Not bad at all, considering all that he had been through over the years.
And there had been a lot of years for Jack Harkness. He had decided to quit counting them a long time ago. Time hadn’t held the relevance for Jack that it had for most people in a very long… well, time.
It was one of the first things you revised your opinion on when you were a Time Agent, and your work took you across galaxies and aeons, and it was a tough job to work out which was the cooler.
Eventually, however, he had wound up in London in 1941. The Blitz. He and the Time Agency had had a parting of the ways by then, and Jack was more of a lone operator doing what he had always done best – taking care of himself. And that had been when he had met the man that was going to change his life. And, pretty soon after, the concept of time and the point of counting it in years, even centuries was going to come pretty low among Jack’s priorities.
Jack had decided that when you couldn’t die, it was best not to keep count of the years. For one thing, there was no need: the counting of time was, after all, just a measurement of mortality. For another thing, it was the best way of keeping sane.
So Jack didn’t worry about the passing years, he just tried to get on with enjoying immortality.
‘If you’ve finished admiring yourself, shall we go in now?’
The voice lanced through Jack’s thoughts. And he saw himself smile in the window, the pictures of modern Cardiff before him, the ancient Castle behind him, and Gwen Cooper – no, Williams – beside him. He reminded himself that he was going to have to get used to that new second name. Marriage, he thought, was good for her. She was lovelier than ever.
‘You know,’ he told her, ‘Rhys is a lucky man, Mrs Williams.’
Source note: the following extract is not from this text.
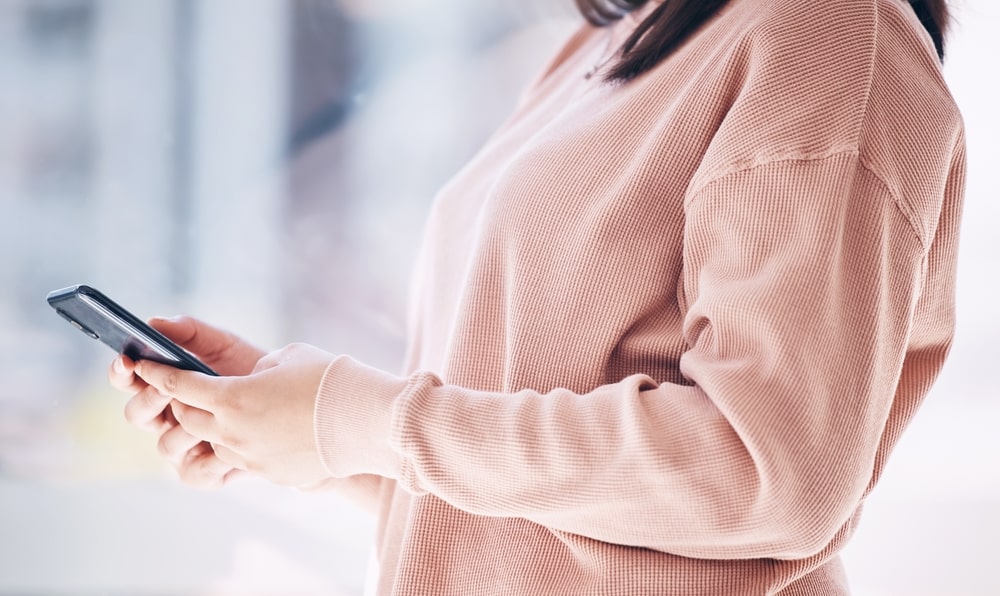 mulher com celular na mão para ilustrar texto sobre velhos hábitos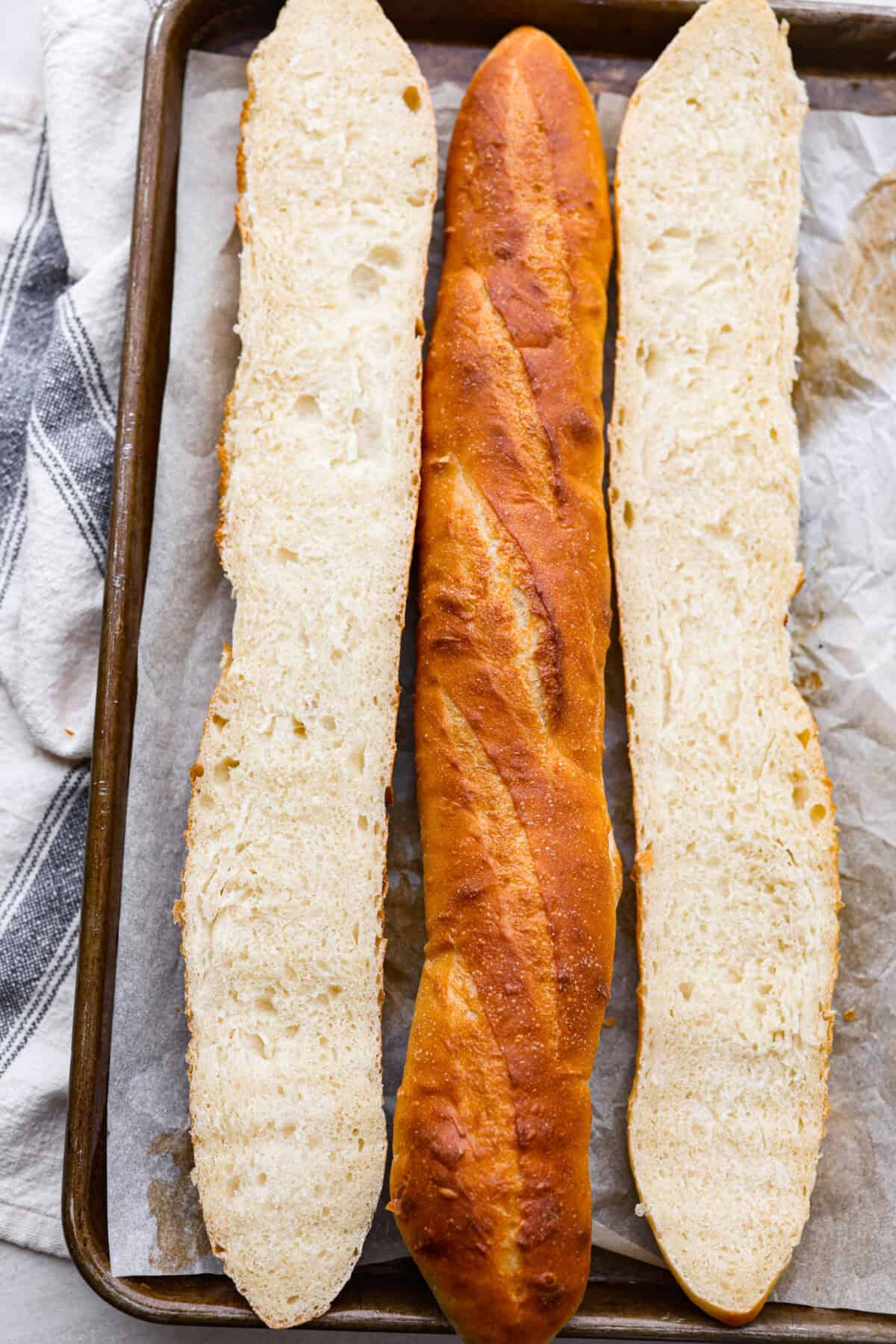 This French baguette recipe is super easy and will change your life! It has a perfect crusty outside and tender, soft inside, perfect for your bread cravings. Overhead shot of baked French baguette loaves on a baking sheet, one is cut in half the long way.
Gwen froze and stared at him. She blinked, then took out her mobile phone, her gaze never leaving his.
‘Rhys? Hi… No, everything’s… Yeah, later… Yeah, lovely… No, it’s… Look, Rhys, will you stop a minute? Thanks. It’s just…’ She paused, took a breath. ‘It’s just I’ve been thinking, love, and I’ve decided I’ll be keeping my own name. You know, for work and that. It’s not that I… What?’
She listened for a moment, then broke out in a huge grin.
‘I love you, Rhys Williams.’ She switched off her phone.
‘What’d he say?’ Jack asked.
‘He said, “Yeah, I know that, love.”’ Gwen beamed back at Jack.
And maybe that was what Jack needed. Confirmation that she was happy, that she knew she had done the right thing a little over two weeks ago.
Jack smiled. ‘Let’s go see what they’ve got to say about your disappearing estate agent, PC Cooper,’ he said, and he opened the glass door for her to go into the showroom ahead of him.
Gwen swept into the front office of Goldman and Grace, Jack close behind her, and together they took the place in. Nothing extraordinary. Jack had lived in the Hub for a long time, and they didn’t have estate agents where he came from in the fifty-first century, so he didn’t have a whole lot of experience on which to judge, but he guessed this was par for the course. Good photographs, well presented; relevant details, clearly arranged. The same went for the staff: well presented and clearly arranged. And it didn’t take long for one of them to settle on the new arrivals – not like a bird of prey, more like a blackbird delicately probing for nourishment.
‘Can I help you?’ the blackbird enquired.
It was a tall woman in her late forties, dressed elegantly. She was smiling, and it was almost convincing. But not quite.
Jack let Gwen open the business. She was the cop, after all.
Gwen gave the blackbird her own smile. ‘Hi. What’s your name?’
The blackbird’s smile faltered a little. People usually told her they were looking for two or three bedrooms, or somewhere with a garden, they didn’t ask her name.
‘Jan,’ the woman said.
‘Well, Jan, we’re making enquiries about a colleague of yours. Brian Shaw.’
Gwen saw the defences go up around Jan like the USS Enterprise on red alert.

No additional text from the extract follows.